A model is a simplified description in graphic form of some aspect of reality. A model of communication seeks to show the main elements of any structure or process of human social action and the relations between these elements, plus any flow or exchange that takes place. The main benefits are to organize disparate elements and observations and to give a simplified picture of the underlying dynamics. The purpose of such models is thus primarily heuristic – an aid to the description and explanation of communication. To a lesser extent, they can help in predicting the outcomes of certain communication processes and situations by drawing attention to factors to take into account and forces at work. In this way, they are useful as a source of hypotheses, a guide to research, and a format for ordering the results of research.

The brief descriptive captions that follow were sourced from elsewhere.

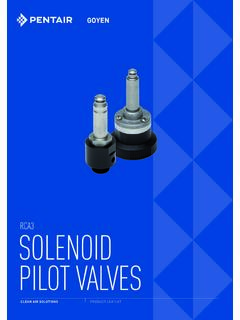 SOLENOID PILOT VALVES - Pentair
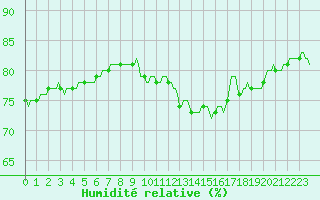 Courbe de l'humidit relative pour Seichamps (54)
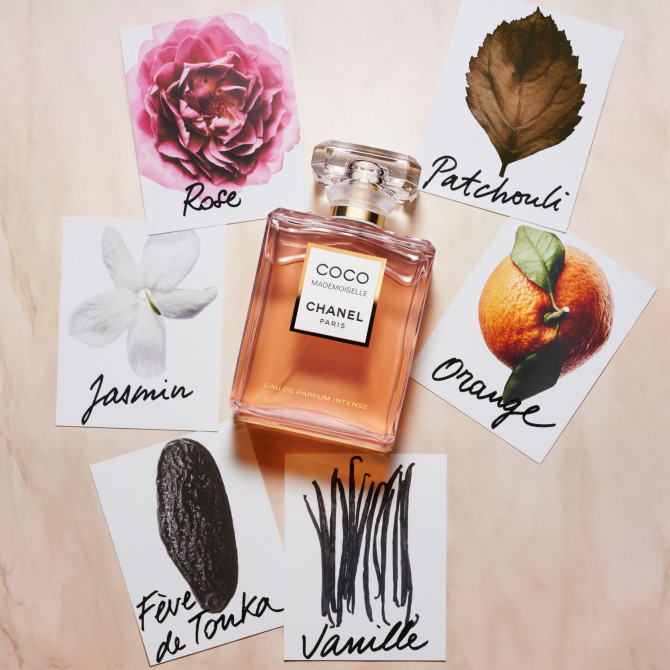 Coco Mademoiselle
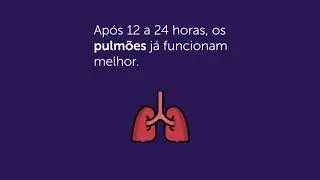 Dia Mundial Sem Tabaco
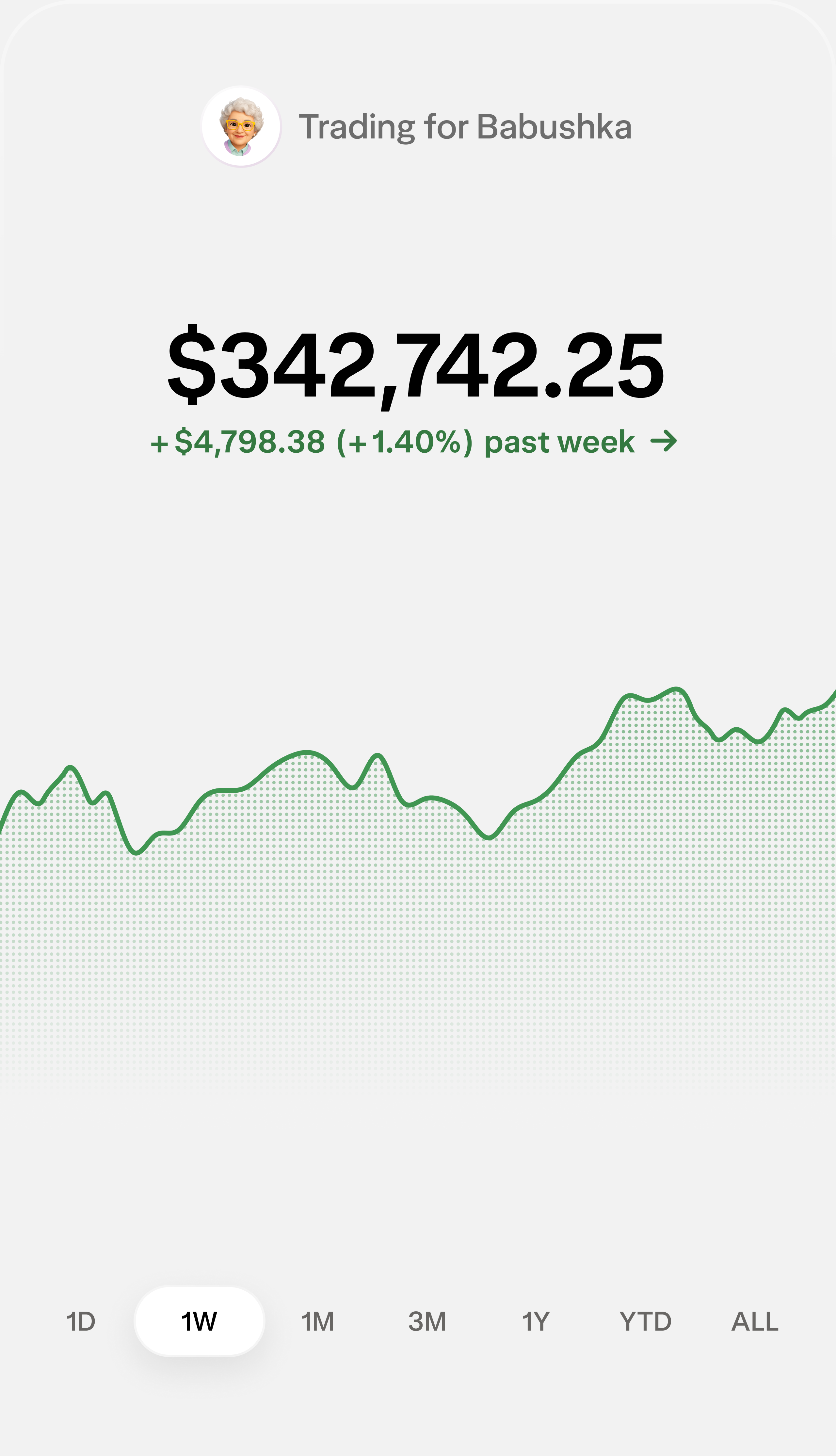 A view of authorized trading in Wealthsimple's app, featuring a graph displaying growth.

To exemplify, the concentration of research effort in the early decades on the unintended effects of mass media violence and aggression led to a model (Comstock et al. 1978) that organizes the result of many findings. The form of the model is that of a typical sequence, beginning with “exposure” to some mass media representation of violence, with varying degrees of arousal and a probability of imitation of the violence depicted depending on the degree of perceived realism, the perception of consequences of imitation, and the opportunity to carry out imitation.

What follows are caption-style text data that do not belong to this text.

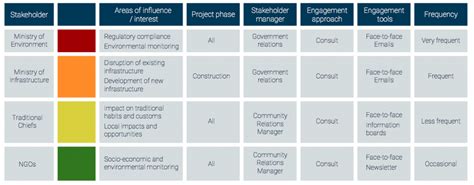 Stakeholder Engagement Plan Template – norfolkbarbastellestudygroup.org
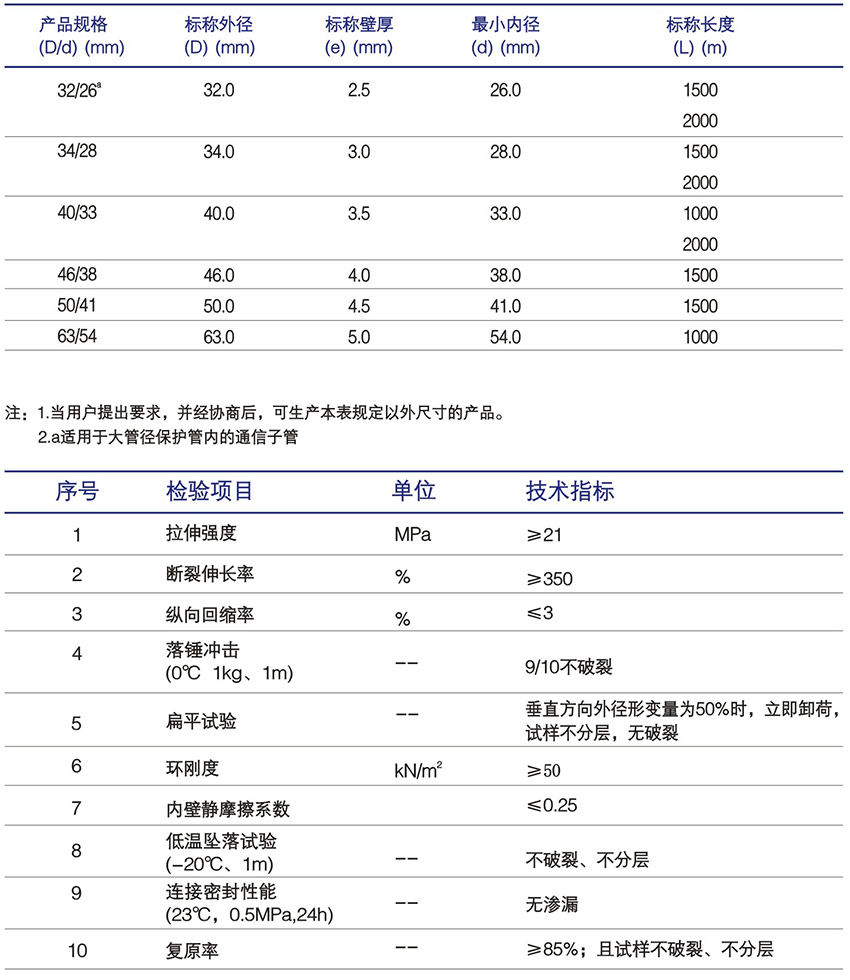 硅芯管产品规格.jpg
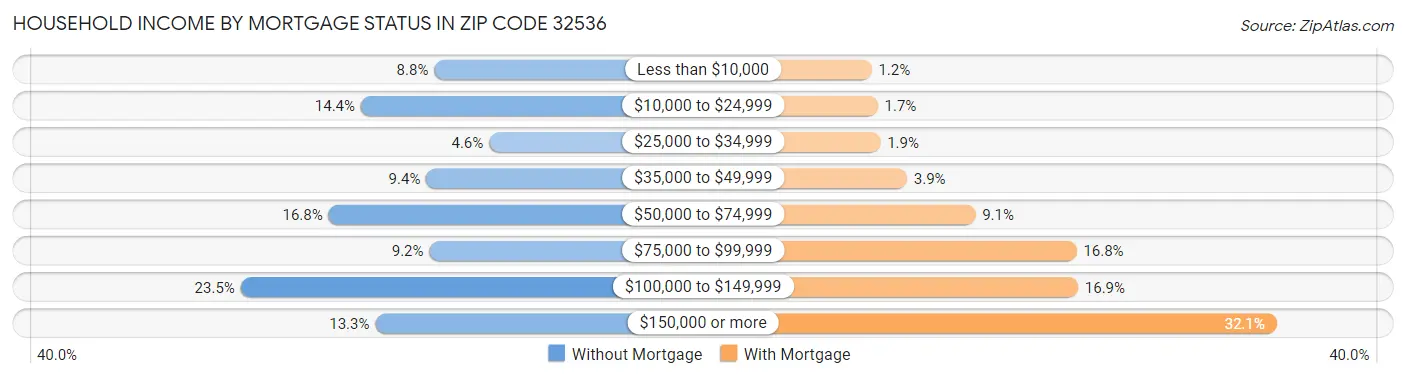 Household Income by Mortgage Status in Zip Code 32536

The term “model” can be used in other senses. For instance, statistical models are developed from empirical research to provide a precise account of the strength and direction of co-variance or causality. A model can also be developed as an ideal type to represent a certain concept, accentuating key or typical features. Similarly, it can help in creating typologies of sub-concepts, derived from certain fundamental dimensions. Models do seem to play a more central part in communication than in other social sciences as well as humanities. In humanistic traditions, the influence of Roman Jakobson’s (1960) model, deriving from linguistics and poetics, and re-emphasizing the role of a symbolic code over and above the channel or contact, is comparable to that of Shannon and Weaver (1949) in social-scientific traditions. One possible explanation is that time, space (distance), and direction are key variables in many communication processes, and all three lend themselves to graphic representation especially in combination.
Early Models of Communication
The beginnings of communication as a separate branch of study or discipline date from the early 1950s, mainly in the United States or under its influence. This phase was marked by a search for a unifying concept of communication. Although no agreed definition could be found, it resulted in the formulation of a simple graphic representation of communication as a process linking a sender and a receiver by a channel carrying messages from one to the other. Shannon and Weaver (1949) are usually credited with this invention, inspired by and intended for wireless or telephone transmission, but providing an embryonic model that could be applied to a wide range of situations, ranging from interpersonal conversation to mass communication on a national and even international scale. Their “mathematical” model was meant for calculating capacity and efficiency of communication.
In this version, communication is represented as a linear, one-way process, concentrating on what is physically observable or measurable. In fact, this bias suited practitioners of mass communication research at the time, since they focused primarily on the effects (intended or not) of messages from the mass media, which were typically considered as strong, direct, and one-directional.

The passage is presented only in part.